■ What is required: Working from the data below, write out exactly the lines from its first through the line that contains "lot 2184 image: Clarks", both ends included and pictures omitted.

[Records excerpted from a collection]
--------
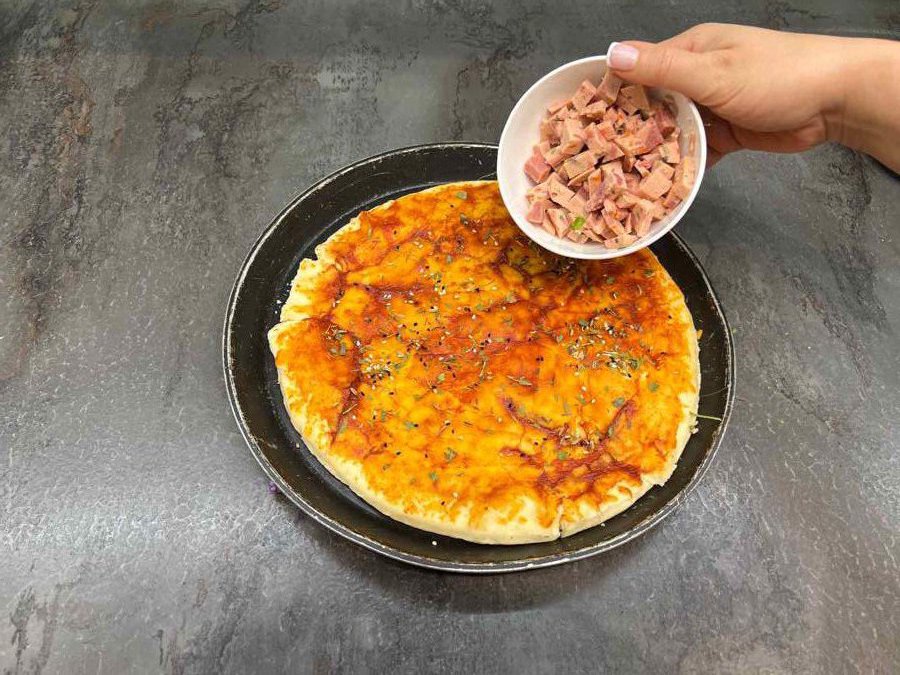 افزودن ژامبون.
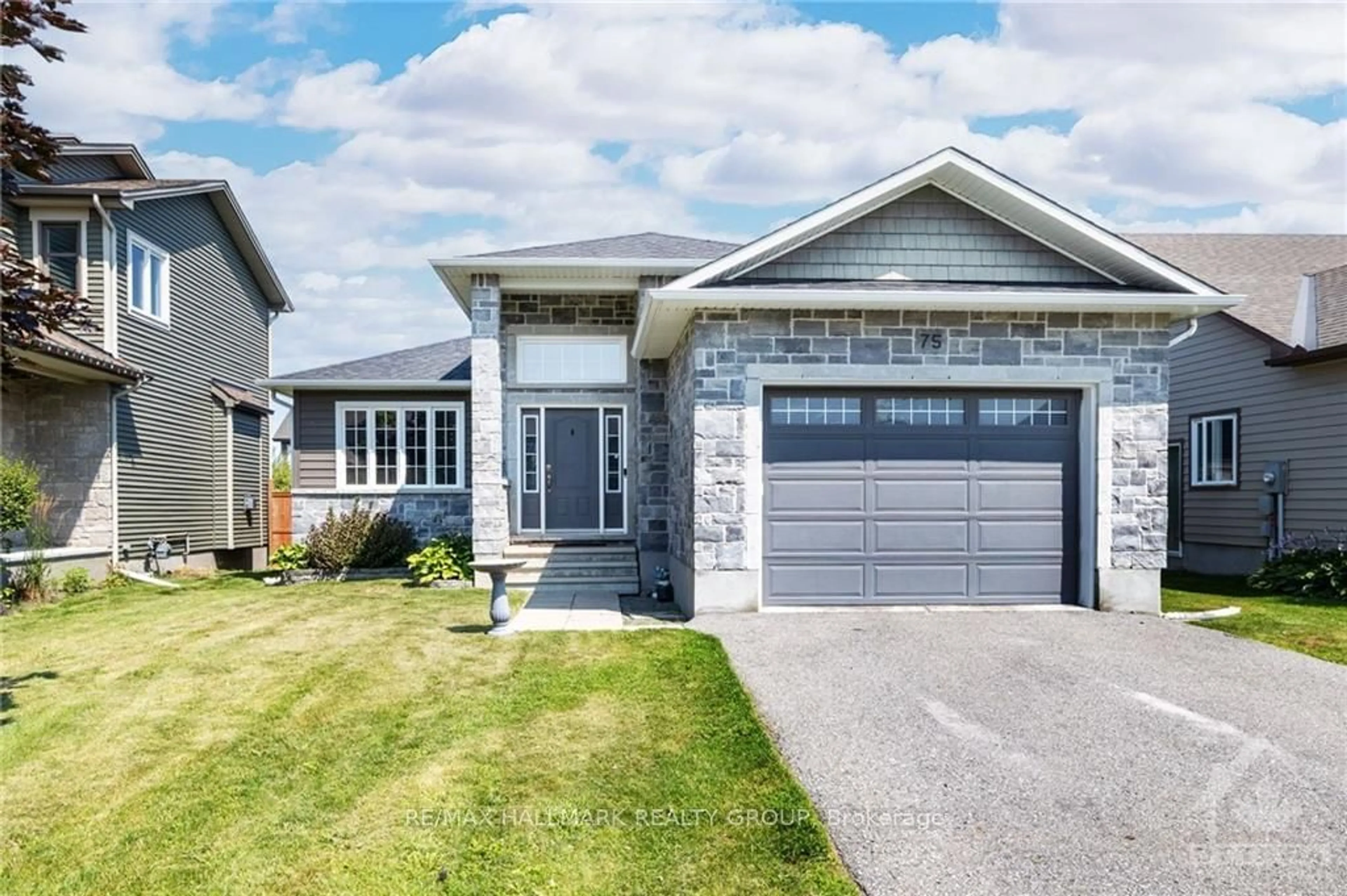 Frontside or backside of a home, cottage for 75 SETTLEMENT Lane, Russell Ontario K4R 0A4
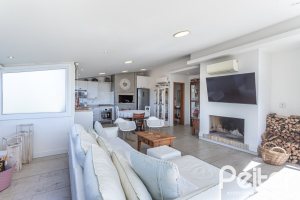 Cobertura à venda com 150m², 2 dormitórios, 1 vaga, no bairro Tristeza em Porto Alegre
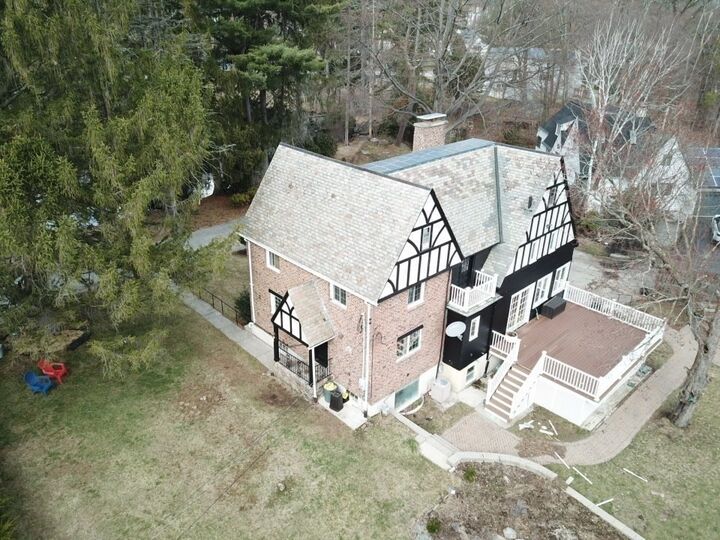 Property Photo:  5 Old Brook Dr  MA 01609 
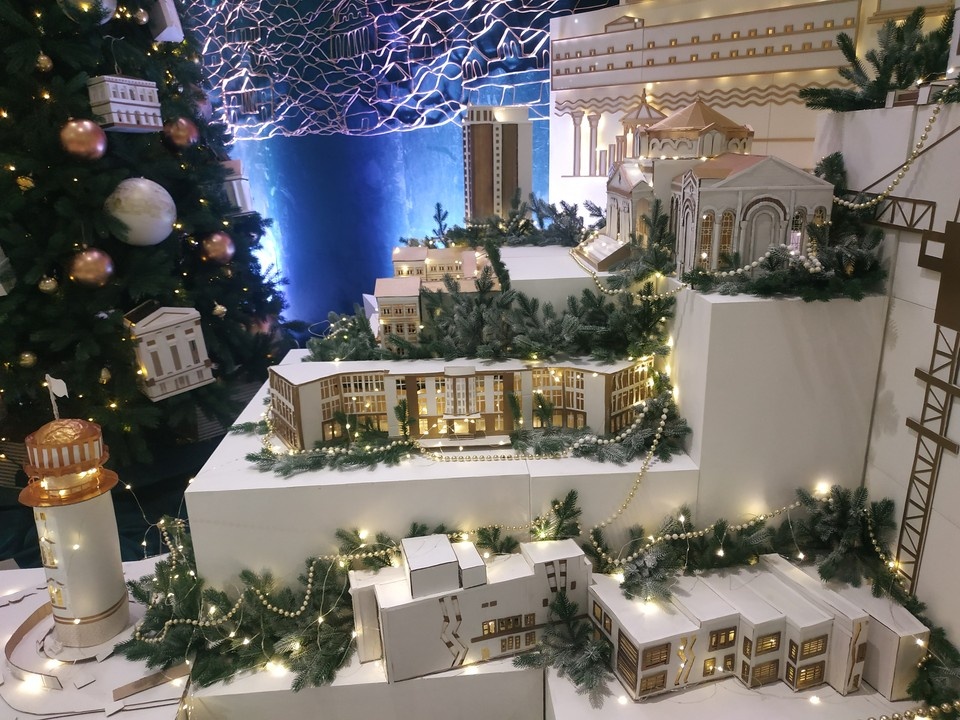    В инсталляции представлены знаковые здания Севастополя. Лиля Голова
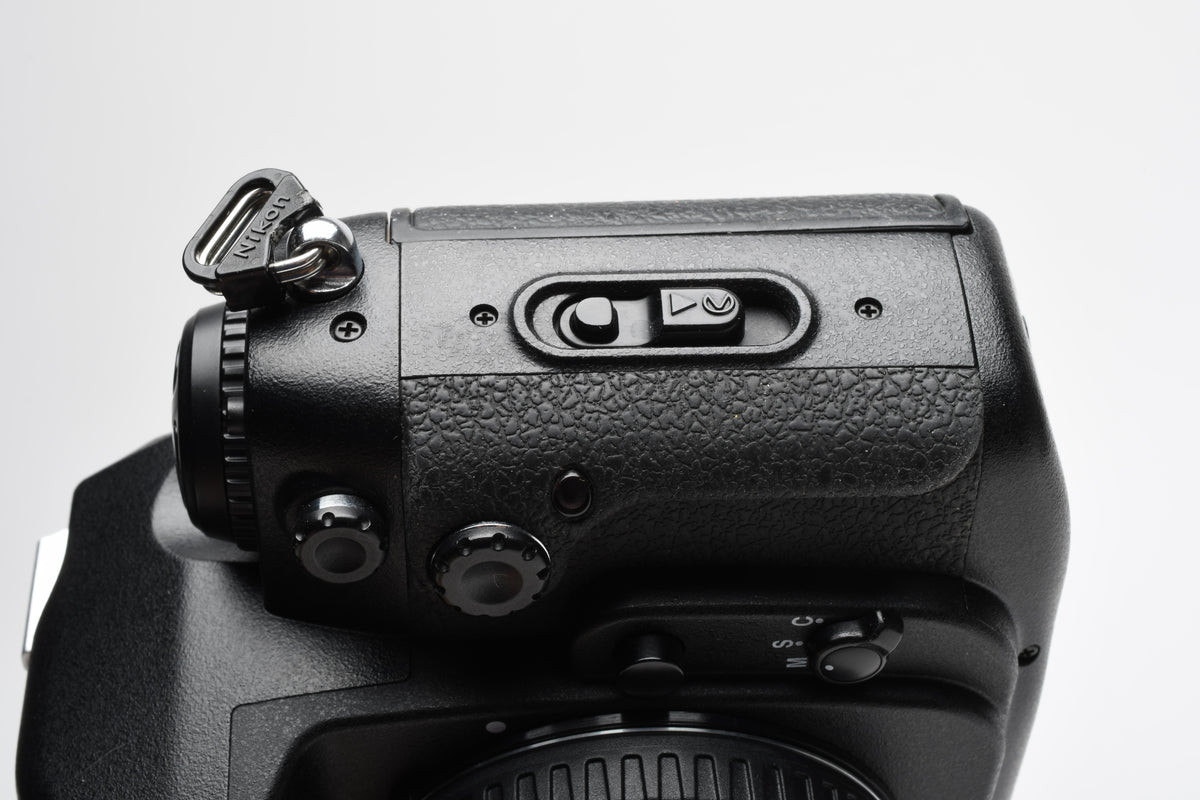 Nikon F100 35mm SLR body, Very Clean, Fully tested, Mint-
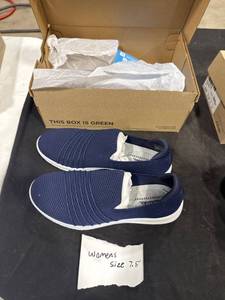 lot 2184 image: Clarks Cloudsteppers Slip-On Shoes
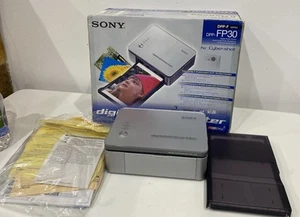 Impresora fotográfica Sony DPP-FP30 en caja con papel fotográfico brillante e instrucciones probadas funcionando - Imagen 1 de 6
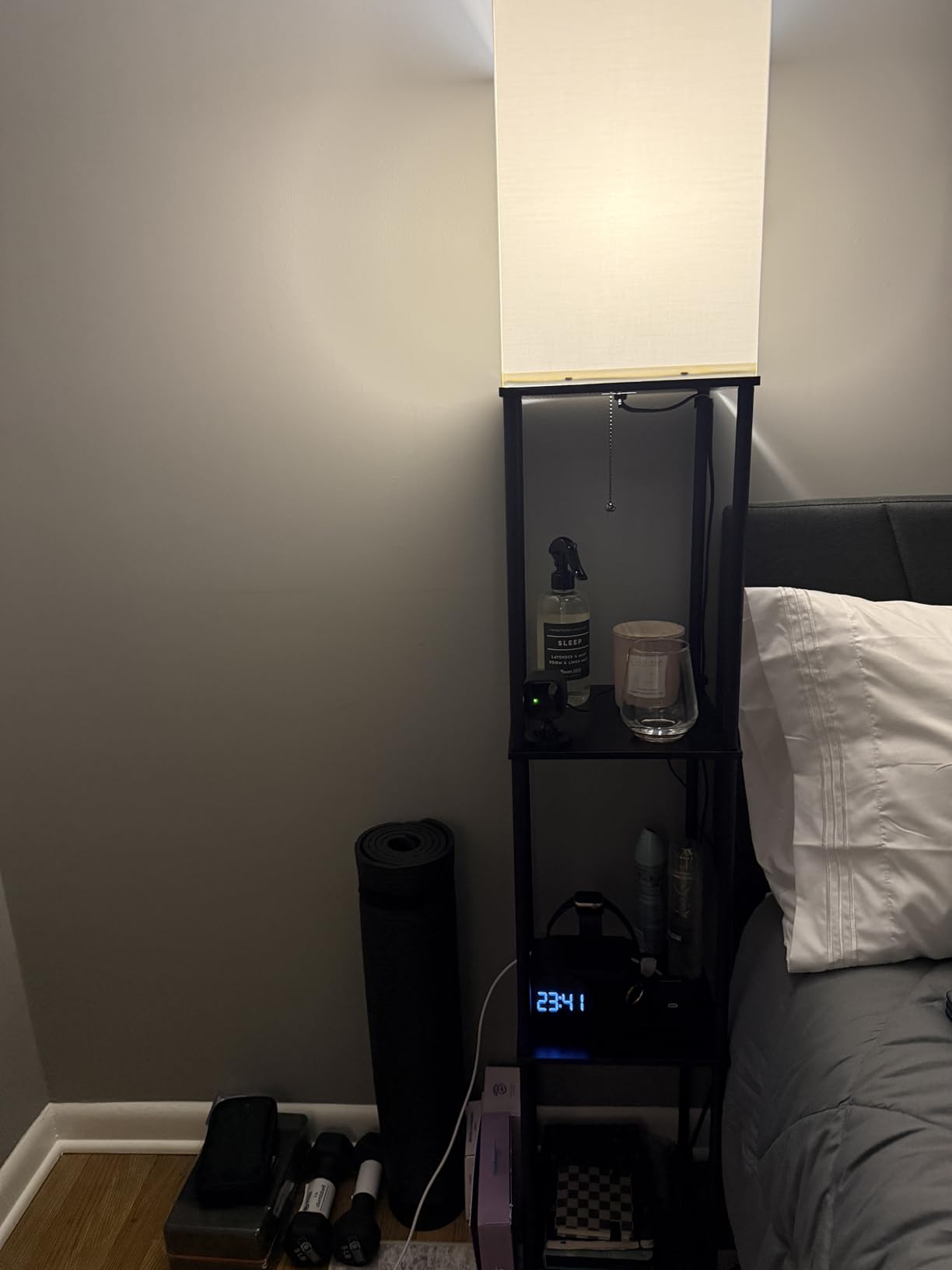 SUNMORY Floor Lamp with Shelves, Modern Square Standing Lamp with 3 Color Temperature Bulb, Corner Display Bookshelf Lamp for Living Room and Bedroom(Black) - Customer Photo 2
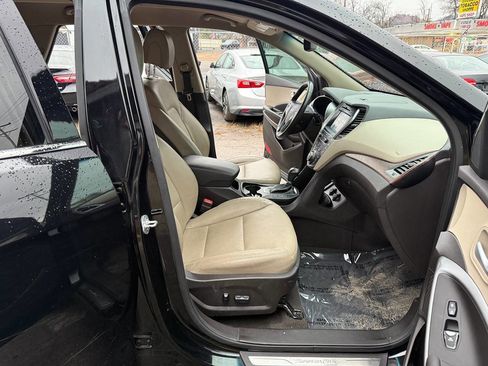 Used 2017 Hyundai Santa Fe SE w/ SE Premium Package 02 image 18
--------
■ Problem solution:
 افزودن ژامبون.
 Frontside or backside of a home, cottage for 75 SETTLEMENT Lane, Russell Ontario K4R 0A4
 Cobertura à venda com 150m², 2 dormitórios, 1 vaga, no bairro Tristeza em Porto Alegre
 Property Photo:  5 Old Brook Dr  MA 01609 
    В инсталляции представлены знаковые здания Севастополя. Лиля Голова
 Nikon F100 35mm SLR body, Very Clean, Fully tested, Mint-
 lot 2184 image: Clarks Cloudsteppers Slip-On Shoes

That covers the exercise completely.